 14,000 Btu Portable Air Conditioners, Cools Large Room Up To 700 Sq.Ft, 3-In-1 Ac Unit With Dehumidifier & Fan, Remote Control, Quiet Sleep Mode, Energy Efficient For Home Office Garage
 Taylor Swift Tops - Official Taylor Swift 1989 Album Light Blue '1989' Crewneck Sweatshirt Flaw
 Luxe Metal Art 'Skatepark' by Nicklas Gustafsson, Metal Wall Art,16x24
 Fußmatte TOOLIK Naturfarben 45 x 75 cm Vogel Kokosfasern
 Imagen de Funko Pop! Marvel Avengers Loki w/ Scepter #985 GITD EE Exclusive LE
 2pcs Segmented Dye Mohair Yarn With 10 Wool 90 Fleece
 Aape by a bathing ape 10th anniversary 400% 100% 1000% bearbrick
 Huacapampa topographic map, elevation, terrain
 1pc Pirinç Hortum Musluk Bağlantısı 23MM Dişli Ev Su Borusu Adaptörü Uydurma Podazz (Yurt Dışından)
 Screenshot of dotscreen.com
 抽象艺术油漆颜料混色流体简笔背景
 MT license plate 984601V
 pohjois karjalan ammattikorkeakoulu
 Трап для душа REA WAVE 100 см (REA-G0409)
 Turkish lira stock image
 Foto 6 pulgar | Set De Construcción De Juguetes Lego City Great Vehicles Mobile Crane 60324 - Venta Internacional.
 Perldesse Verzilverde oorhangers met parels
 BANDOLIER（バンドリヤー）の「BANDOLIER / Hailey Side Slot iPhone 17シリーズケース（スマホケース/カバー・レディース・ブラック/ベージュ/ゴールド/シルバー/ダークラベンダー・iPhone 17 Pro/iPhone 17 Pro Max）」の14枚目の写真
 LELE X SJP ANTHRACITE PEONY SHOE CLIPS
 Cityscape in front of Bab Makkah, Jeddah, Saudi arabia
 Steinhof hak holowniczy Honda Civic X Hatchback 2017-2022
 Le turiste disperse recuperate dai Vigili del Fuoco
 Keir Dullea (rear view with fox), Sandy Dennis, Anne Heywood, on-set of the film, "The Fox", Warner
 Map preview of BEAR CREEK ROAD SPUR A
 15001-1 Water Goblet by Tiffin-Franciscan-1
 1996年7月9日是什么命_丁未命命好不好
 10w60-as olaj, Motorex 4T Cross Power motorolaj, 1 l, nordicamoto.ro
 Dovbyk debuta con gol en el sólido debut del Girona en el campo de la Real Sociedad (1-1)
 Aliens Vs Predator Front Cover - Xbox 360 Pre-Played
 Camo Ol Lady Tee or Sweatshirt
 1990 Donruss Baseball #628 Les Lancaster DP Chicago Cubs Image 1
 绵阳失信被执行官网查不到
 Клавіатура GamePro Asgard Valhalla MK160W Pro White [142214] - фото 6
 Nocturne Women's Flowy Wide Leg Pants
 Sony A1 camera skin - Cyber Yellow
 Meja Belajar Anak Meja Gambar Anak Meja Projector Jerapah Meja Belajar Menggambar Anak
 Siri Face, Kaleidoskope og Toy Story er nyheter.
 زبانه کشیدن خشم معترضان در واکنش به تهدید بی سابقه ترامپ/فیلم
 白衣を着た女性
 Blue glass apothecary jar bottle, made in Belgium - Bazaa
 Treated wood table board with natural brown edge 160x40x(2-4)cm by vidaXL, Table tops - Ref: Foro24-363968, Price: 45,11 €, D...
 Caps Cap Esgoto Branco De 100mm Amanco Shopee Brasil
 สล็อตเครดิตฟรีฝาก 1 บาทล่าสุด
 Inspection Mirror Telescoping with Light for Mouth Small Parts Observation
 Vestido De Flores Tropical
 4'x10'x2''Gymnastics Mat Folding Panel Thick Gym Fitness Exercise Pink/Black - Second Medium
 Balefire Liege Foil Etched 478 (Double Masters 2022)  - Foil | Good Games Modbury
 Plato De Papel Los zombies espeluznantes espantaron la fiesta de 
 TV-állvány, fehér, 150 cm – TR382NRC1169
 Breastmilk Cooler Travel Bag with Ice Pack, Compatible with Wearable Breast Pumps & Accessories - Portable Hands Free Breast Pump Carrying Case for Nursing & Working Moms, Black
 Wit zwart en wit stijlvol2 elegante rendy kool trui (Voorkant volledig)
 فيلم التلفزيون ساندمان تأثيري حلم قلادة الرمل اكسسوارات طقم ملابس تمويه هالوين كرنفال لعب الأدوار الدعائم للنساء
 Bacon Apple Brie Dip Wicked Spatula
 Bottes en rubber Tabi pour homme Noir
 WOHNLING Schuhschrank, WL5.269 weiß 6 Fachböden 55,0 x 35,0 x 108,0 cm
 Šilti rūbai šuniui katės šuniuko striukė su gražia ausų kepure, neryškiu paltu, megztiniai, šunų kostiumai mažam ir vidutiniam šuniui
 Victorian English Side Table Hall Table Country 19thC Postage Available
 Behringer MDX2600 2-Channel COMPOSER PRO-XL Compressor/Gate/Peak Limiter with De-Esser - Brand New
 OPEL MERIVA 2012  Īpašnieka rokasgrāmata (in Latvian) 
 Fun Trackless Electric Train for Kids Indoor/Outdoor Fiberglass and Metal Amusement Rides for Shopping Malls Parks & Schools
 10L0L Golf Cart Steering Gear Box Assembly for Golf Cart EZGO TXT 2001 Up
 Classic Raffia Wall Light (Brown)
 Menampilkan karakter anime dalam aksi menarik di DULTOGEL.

### WHAT IS BEING ASKED
Could you state the number of lines above in which the word "Light" appears? Give that number by itself.

### ANSWER FOR THE TASK
3